§ WHAT IS BEING ASKED:
Look through the entries below and count the lines with the word "Limited" in them; give only the number.

======== GIVEN RECORDS ========

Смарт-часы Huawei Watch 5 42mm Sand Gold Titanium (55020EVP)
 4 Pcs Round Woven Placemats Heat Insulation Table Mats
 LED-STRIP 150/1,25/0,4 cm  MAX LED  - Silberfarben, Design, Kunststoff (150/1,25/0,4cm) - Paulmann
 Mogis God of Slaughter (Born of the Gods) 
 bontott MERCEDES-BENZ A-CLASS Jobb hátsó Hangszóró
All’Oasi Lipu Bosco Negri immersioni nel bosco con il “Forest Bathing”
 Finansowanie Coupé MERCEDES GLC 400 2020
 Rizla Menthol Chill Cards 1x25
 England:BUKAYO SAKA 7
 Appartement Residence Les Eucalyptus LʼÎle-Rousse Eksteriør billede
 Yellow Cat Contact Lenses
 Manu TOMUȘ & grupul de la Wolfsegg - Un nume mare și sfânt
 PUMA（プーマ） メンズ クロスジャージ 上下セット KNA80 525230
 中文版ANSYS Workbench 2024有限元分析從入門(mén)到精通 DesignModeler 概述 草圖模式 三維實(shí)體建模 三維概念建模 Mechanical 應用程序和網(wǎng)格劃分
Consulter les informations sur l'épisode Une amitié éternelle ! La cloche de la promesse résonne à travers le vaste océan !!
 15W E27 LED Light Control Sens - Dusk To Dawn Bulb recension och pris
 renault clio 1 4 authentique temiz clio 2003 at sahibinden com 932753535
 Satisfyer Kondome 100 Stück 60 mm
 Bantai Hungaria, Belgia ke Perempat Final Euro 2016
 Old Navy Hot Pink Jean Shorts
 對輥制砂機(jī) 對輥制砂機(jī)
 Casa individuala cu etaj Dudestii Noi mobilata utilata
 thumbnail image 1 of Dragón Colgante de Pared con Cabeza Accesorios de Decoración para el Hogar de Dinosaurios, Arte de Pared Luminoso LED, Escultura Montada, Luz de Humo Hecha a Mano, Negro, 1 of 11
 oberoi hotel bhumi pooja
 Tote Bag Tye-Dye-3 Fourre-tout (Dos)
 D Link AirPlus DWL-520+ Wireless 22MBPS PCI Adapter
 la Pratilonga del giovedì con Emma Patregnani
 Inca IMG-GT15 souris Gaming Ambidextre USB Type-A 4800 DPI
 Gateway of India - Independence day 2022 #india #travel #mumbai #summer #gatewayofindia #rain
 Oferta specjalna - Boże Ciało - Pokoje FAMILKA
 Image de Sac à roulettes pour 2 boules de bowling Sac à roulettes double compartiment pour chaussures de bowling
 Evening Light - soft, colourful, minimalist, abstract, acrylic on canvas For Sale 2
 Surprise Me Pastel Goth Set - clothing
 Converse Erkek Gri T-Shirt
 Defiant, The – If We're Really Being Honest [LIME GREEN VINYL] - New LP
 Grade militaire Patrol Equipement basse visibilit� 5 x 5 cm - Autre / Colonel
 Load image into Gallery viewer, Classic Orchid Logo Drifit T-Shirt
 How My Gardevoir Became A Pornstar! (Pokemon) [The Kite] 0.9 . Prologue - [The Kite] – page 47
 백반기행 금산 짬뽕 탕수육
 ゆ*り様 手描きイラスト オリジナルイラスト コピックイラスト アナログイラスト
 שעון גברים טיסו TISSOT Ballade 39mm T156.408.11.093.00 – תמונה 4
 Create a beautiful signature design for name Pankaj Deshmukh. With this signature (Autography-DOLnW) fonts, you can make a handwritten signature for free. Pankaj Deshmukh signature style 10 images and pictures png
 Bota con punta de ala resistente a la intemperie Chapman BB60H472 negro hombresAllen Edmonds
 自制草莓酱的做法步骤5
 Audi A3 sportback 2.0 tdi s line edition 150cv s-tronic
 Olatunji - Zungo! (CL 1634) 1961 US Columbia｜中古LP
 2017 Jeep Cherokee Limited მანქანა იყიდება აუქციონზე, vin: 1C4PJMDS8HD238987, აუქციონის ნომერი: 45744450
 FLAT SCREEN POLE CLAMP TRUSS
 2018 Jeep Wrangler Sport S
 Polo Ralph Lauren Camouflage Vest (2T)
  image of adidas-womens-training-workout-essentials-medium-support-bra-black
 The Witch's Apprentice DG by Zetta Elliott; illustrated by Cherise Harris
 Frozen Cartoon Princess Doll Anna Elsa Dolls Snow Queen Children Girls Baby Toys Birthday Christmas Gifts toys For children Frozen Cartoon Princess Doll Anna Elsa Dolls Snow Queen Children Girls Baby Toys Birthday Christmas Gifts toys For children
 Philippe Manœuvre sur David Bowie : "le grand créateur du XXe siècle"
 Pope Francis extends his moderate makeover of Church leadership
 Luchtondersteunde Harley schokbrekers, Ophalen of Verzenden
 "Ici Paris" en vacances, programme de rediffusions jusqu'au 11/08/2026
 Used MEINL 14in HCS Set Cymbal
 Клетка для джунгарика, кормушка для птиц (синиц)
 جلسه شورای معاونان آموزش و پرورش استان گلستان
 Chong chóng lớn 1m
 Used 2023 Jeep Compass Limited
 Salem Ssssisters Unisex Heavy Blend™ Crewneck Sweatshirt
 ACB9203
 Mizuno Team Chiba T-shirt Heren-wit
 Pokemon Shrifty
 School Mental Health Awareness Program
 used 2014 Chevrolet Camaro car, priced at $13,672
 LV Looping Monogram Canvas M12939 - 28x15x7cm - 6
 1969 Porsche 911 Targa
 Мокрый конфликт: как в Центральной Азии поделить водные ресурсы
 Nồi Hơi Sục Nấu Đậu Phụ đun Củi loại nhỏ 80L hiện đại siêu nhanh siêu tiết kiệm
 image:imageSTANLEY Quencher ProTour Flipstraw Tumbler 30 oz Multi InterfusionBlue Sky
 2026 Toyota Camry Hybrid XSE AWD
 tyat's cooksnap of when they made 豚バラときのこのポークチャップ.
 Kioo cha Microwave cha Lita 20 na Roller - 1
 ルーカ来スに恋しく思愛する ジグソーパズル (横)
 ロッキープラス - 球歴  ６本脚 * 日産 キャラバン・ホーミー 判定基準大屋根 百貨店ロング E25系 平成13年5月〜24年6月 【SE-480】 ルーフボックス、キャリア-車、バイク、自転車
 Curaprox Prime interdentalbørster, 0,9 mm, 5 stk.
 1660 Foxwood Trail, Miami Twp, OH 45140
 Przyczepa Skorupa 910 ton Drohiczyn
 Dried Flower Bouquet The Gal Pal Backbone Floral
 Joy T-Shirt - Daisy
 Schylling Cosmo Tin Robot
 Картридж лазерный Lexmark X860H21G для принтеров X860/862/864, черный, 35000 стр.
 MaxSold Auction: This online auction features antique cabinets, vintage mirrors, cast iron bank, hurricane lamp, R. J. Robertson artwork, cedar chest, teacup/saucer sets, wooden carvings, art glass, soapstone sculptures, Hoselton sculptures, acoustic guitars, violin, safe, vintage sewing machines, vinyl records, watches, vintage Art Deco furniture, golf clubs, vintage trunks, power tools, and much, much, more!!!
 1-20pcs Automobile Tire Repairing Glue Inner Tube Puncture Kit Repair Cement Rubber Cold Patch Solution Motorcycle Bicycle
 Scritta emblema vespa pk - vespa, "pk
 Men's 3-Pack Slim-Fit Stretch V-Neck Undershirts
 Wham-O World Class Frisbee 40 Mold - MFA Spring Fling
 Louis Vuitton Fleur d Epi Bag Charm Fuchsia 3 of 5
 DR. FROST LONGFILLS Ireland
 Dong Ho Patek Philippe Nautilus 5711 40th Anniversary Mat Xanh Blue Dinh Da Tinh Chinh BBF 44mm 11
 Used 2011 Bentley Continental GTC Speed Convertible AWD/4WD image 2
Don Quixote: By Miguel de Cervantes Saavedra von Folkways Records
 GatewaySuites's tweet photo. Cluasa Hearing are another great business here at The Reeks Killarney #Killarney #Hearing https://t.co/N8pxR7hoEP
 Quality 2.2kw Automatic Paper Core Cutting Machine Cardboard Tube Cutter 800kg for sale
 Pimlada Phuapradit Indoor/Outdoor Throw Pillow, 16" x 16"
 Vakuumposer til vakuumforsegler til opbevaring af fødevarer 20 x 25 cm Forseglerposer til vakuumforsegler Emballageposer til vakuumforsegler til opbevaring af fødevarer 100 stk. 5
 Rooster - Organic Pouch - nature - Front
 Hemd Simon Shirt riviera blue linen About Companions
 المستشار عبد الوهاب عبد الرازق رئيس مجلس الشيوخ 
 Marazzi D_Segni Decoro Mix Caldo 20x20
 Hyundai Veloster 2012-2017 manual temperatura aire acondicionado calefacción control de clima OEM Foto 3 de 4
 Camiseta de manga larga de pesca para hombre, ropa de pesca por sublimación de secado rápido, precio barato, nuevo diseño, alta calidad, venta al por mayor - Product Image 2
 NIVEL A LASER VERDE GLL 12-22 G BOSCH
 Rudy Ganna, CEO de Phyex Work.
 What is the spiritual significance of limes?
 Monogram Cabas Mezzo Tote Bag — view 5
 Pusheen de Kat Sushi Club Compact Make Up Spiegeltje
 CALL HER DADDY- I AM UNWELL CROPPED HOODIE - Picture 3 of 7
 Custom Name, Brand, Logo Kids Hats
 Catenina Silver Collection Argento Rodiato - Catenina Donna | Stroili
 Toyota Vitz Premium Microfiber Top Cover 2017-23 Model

========

§ TASK RESPONSE:
2